Kata Islam berasal dari kata Aslama-yaslimu-islam yang artinya berserah diri dan kedamaian. Lebih lanjut Islam berarti agama yang damai dengan berserah diri kepada Allah yang maha Kuasa, dan orang yang menganut agama Islam disebut muslim. Dalam Al-Qur’an disebutkan “Sesungguhnya agama (yang diridhai) disisi Allah hanyalah Islam…” (QS. Ali Imran: 19)[13] Dari pengertian di atas dapat diambil kemsimpulan Pengantar Filsafat Islam adalah pandangan umum secara ringkas sebagai pendahuluan pengetahuan dan penyelidikan dengan akal budi mengenai hakikat segala yang ada, sebab, asal dan hukumnya dengan berserah diri kepada Allah  sang pencipta dan Rasulullah .

B.                 Ciri-Ciri Pemikir Filsafat
Semua manusia hidup yang normal senantiasa ditandai dengan kegiatan yang khas yaitu berfikir.kegiatan berfikir inilah yang membedakan manusia dengan makhluk lain,namun tiidak semua kegiatan berfikir disebut dengan kegiatan berfilsafat.demikian juga kegiatan secara kefilsafatan bukan hanya merenung atau kontenplasi belakang yang tdak ada sangkut mautnya dengan realitas,namun berfikir secara kefilsafatan senantiasa berkaitan dengan masalah manusia dan bersifat aktual dan hakiki.[14]
Maka suatu kegiatan berfikir secara kefilsafatan pada hakikatnya memiliki ciri-ciri sebagai berikut; Pertama, Suatu kegiatan berfikir secara kefilsafatan senantiasa bersifat kritis yaitu senantiasa mempertannyakaan segala sesuatu,problem-problem, atau hal-hal yang lain.sifat kritis ini juga mengawali perkembanggan ilmu pengetahuan modern. Kedua, Berfikir secara konseptual yaitu mengenai hasil generalisasi dan abstraksi dari pengalaman tentang hal-hal serta proses-proses individual. Berfikir secara kefilsafatan tidak bersangkutan dengan pemikiran terhadap perbuatan-perbuatanbebas yang dilakukan oleh orang-orang tertentu sebagaimana yang biasa dipelajari oleh seorang psikolog, melainkan bersangkutan dengan pemikiran.[15]

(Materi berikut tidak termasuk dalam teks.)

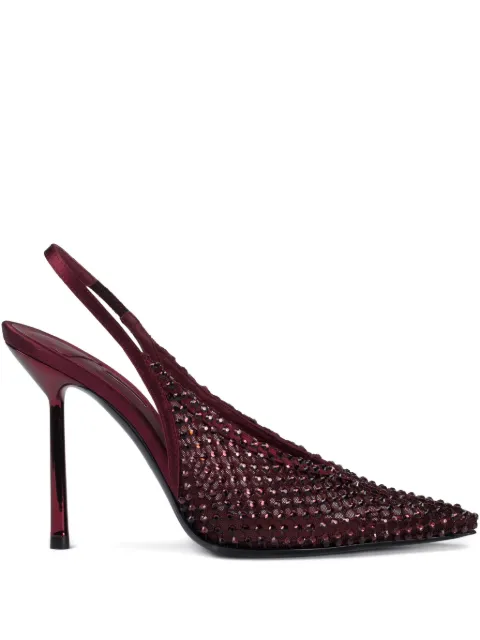 Le Silla 100mm Gilda crystal-embellished slingback pumps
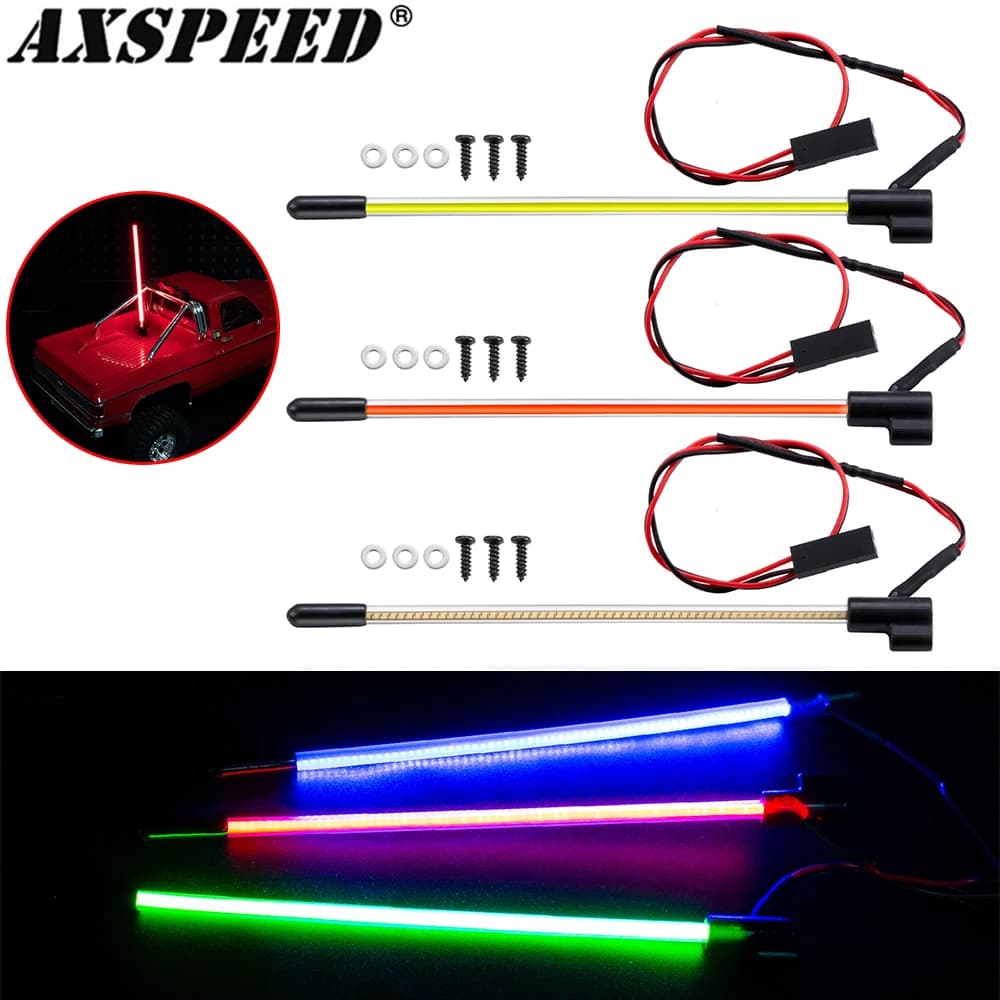 AXSPEED RC Auto Incandescente Mastro Luce Faretto A LED Lampade Luce Notturna per 1/24 Axial SCX24 1/18 TRX4M Parti di Aggiornamento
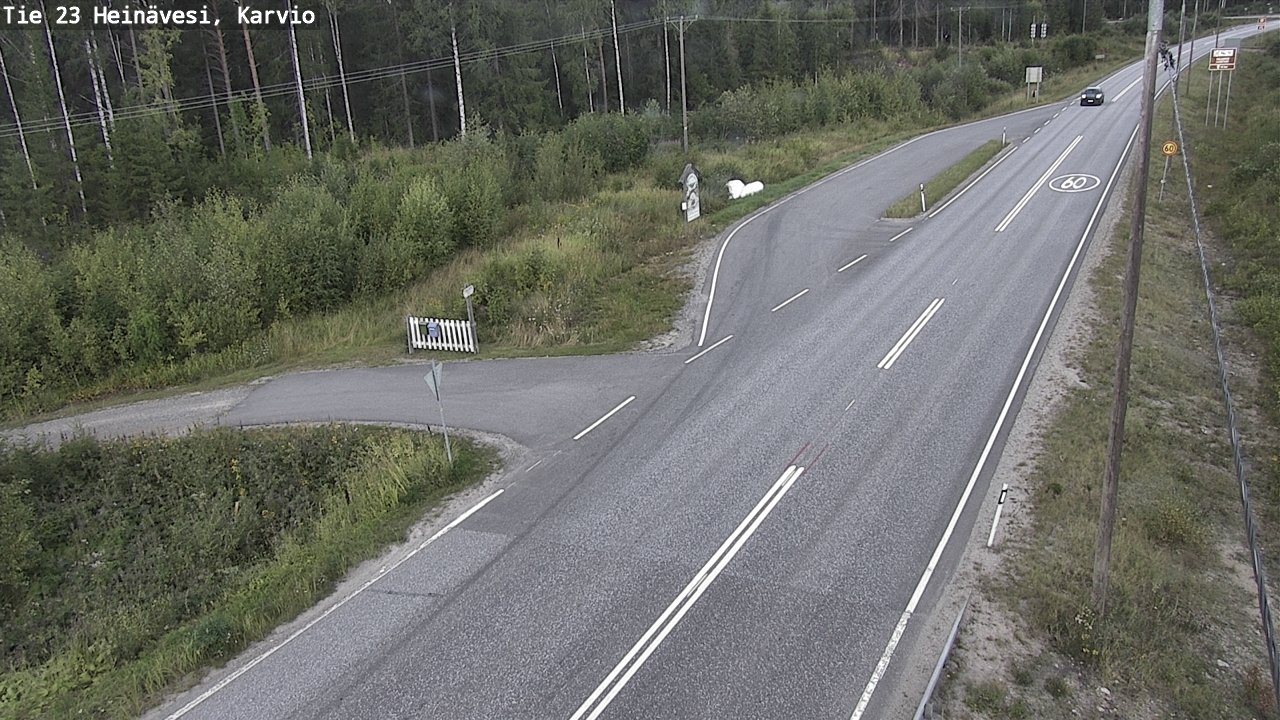 Kelikamerat Kuva Tie 23 Heinävesi, Karvio, Heinävesi, Pohjois-Karjala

Ketiga, Berfikir secara koheren dan konsisten. Artinya, berfikir sesuai dengan kaidah-kaidah berfikir dan tidak mengandung kontradiksi atau dapat pula diartikan dengan berfikir secara runtut. Keempat, Berfikir secara komprehensif (menyeluruh). Berfikir secara filsafat berusaha untuk menjelaskan alam semesta secara keseluruhan. Kelima, Berfikir secara universal atau umum. Berfikir secara umum adalah berfikir tentang hal-hal serta suatu proses yang bersifat umum. Jalan yang dituju oleh seorang filsuf adalah keumuman yang diperoleh dari hal-hal yang bersifat khusus yang ada dalam kenyataan. [16]
Keenam, Berfikir secara universal atau umum. Berfikir secara umum adalah berfikir tentang hal-hal serta suatu proses yang bersifat umum. Jalan yang dituju oleh seorang filsuf adalah keumuman yang diperoleh dari hal-hal yang bersifat khusus yang ada dalam kenyataan. Ketujuh, Sistematik artinya pendapat yang merupakan uraian kefilsafatan itu harus saling berhubungan secara teratur dan terkandung adanya maksud atau tujuan tertentu. Kedelapan, Bertanggung jawab artinya seseorang yang berfilsafat adalah orang yang berpikir sekaligus bertanggungjawab terhadap hasil pemikirannya, paling tidak terhadap hati nuraninya sendiri.[17]

C.                Sejarah Masuknya Filsafat dalam Islam
Sebagian ahlul ahwa wal bida' (orang-orang yang dikendalikan oleh hawa nafsu dan pelaku bid'ah, golongan menyimpang dalam Islam) mengklaim bahwa ilmu-ilmu ilahi (akidah) itu masih ghâmidhah (kabur dan tak terpahami). Menurut mereka, tidak mungkin dimengerti kecuali melalui jalan ilmu manthiq dan filsafat. Bertolak dari sinilah kemudian mereka (kaum Mu'tazilah dan yang sepaham dengan mereka sampai era sekarang) mengadopsi ilmu filsafat untuk dijadikan sebagai perangkat pendukung untuk mendalami akidah Islam. Maka dari itu bagaimana sesungguhya filsafat Islam.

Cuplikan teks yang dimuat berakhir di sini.